The obverse — the heads side — shows an eagle in flight, gripping an olive branch in its talon. That choice is not decoration. It echoes a real historical turn: in 1945, the eagle on the Great Seal of the United States was depicted facing right, toward the olive branch of peace, rather than toward the arrows of war on its other side. The coin's designer, U.S. Mint Artistic Infusion Program artist Ronald Sanders, leaned into that symbolism — the nation's eagle turning, at war's end, away from conflict and toward peace. Mint medallic artist Phebe Hemphill sculpted it (the relief — the raised three-dimensional surface — is her work).

The reverse — the tails side — reaches back to a specific artifact: the 1945 World War II Victory Medal, which showed a rising sun. On this coin, that same sun has, 75 years later, climbed to noonday brilliance, its rays falling on olive branches. It is a small visual essay about time and recovery: the dawn of peace in 1945, risen to full daylight by 2020. Donna Weaver designed the reverse and Renata Gordon sculpted it.

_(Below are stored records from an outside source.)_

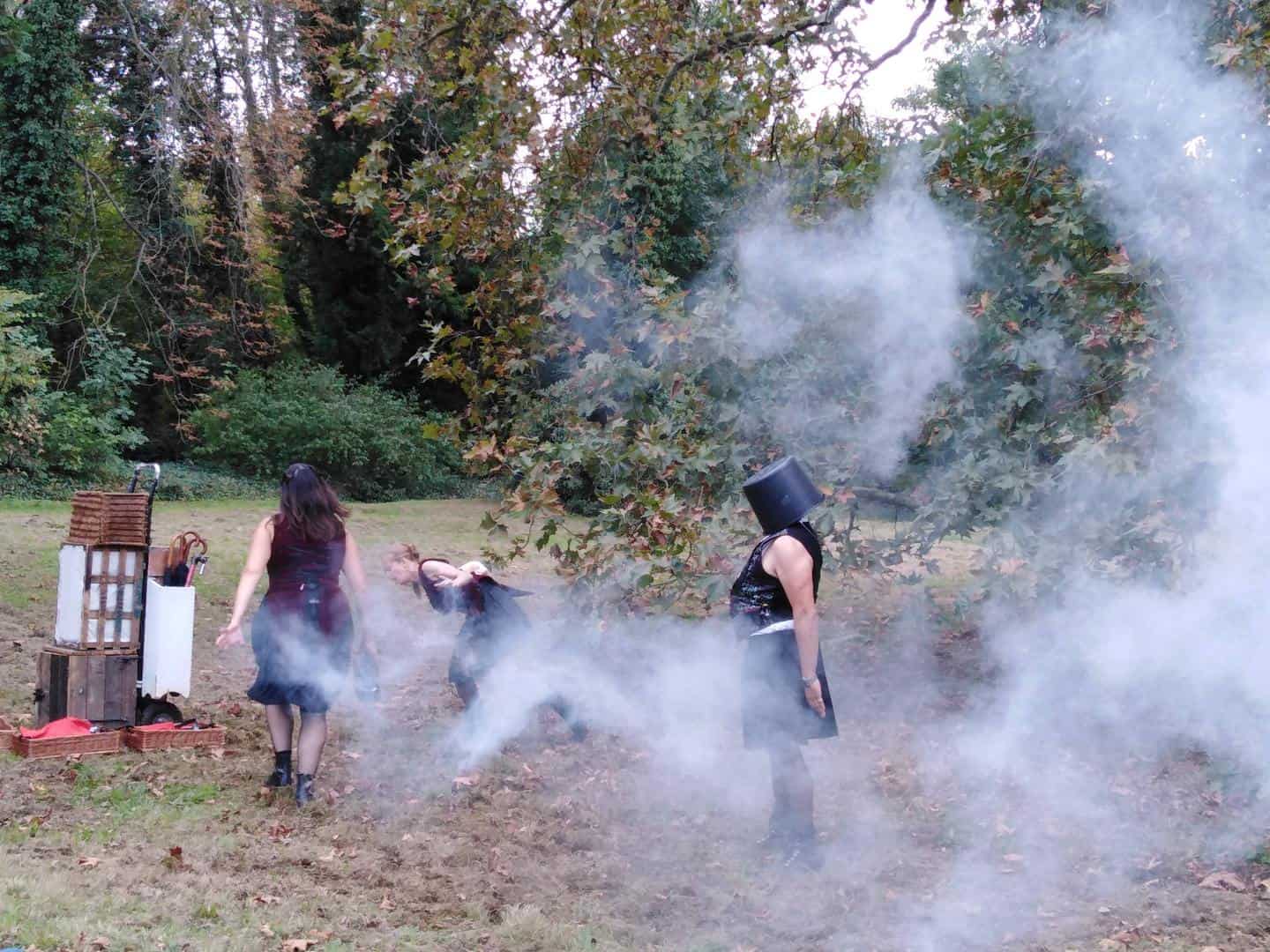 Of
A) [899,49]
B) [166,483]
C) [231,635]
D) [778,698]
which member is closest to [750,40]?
[899,49]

Around the rim sit the expected legends — UNITED STATES OF AMERICA, E PLURIBUS UNUM, IN GOD WE TRUST — alongside the marks that make it a coin: the $25 face value, "AU 24K," "1/2 OZ.," the 2020 date, the "W" mint mark of West Point, and the words 75th ANNIVERSARY.

Key facts

Year struck
2020 (West Point Mint, “W” mint mark)
Denomination
$25 (a tribute coin, never circulated)
Composition
0.5 troy oz of .9999 fine (24-karat) gold
Diameter
27 mm
Finish
Proof
Mintage limit
7,500 — sold out
Obverse
Eagle in flight grasping an olive branch — Ronald Sanders (design), Phebe Hemphill (sculpt)
Reverse
The 1945 Victory Medal sun risen to noon, shining on olive branches — Donna Weaver (design), Renata Gordon (sculpt)
Released
November 9, 2020, at noon ET, direct from the U.S. Mint

Collecting it

This coin is young, scarce, and made of gold — a combination that shapes how collectors approach it.

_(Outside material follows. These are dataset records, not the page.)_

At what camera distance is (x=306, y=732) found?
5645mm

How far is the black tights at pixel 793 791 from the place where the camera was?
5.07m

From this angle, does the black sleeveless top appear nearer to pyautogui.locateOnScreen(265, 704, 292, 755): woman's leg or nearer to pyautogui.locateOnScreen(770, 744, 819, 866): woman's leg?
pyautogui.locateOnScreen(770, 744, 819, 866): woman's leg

Scarcity is the headline. With a hard cap of 7,500 pieces, this is one of the lowest-mintage U.S. gold issues of its era, and it sold out at the Mint. Every example that exists today came from that single release; there will be no more. That fixed supply is what separates it from the much larger run of ordinary bullion coins.

Because it left the Mint only as a polished proof, condition grading turns on tiny details. The grading services — chiefly NGC and PCGS — assign these coins numerical grades, and the top proof grade (PF70 / PR70, meaning no flaws visible under magnification) commands a premium over PF69. Look also for "First Strike" or "Early Releases" labels, which note coins submitted soon after release; collectors pay up for them, though the label speaks to timing, not to the coin's metal.

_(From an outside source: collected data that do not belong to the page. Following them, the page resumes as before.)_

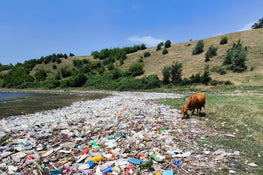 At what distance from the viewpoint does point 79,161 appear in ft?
12.3

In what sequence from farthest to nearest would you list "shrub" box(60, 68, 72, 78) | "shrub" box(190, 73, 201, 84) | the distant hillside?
1. "shrub" box(60, 68, 72, 78)
2. the distant hillside
3. "shrub" box(190, 73, 201, 84)

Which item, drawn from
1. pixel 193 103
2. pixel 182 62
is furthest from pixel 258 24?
pixel 193 103

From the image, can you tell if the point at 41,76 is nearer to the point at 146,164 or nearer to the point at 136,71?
the point at 136,71

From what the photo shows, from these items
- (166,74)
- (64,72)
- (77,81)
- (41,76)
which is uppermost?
(64,72)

One honest note for newcomers: because the coin is half an ounce of pure gold, a large part of its value simply tracks the gold price. The numismatic premium — the extra a collector pays above melt for the low mintage, the proof finish, and the history — sits on top of that floor and moves with collector demand. Both matter; keep them separate in your head when you weigh a price.

Questions collectors ask

Is this the same as the V75 privy-mark Gold Eagle?

No — and it's the most common point of confusion. The 2020 anniversary program included American Eagle coins stamped with a small 'V75' privy mark, which are standard Eagle designs with an added mark. This $25 coin is different: a brand-new design created specifically for the anniversary, with its own eagle-and-olive-branch obverse and its own rising-sun reverse. Treat them as separate coins.

How many were made?

The U.S. Mint set a maximum mintage of 7,500 for the $25 gold coin, and it sold out. That low cap is the main reason collectors chase it.

How much gold is in it, and is it real 24-karat?

Yes. It contains one-half troy ounce of .9999 fine gold — 24-karat, about as pure as struck gold coins get. Roughly half its value at any given moment is simply the gold itself; the rest is the collector premium for its rarity, proof finish, and history.

Who designed it?

The obverse eagle was designed by U.S. Mint Artistic Infusion Program artist Ronald Sanders and sculpted by medallic artist Phebe Hemphill. The reverse, echoing the 1945 WWII Victory Medal sun, was designed by Donna Weaver and sculpted by Renata Gordon.

Why does the eagle face the olive branch instead of the arrows?

It mirrors a real change from 1945, when the eagle on the Great Seal of the United States was shown facing right — toward the olive branch of peace — rather than toward the arrows of war. On a coin marking the war's end, that turn toward peace is the whole point.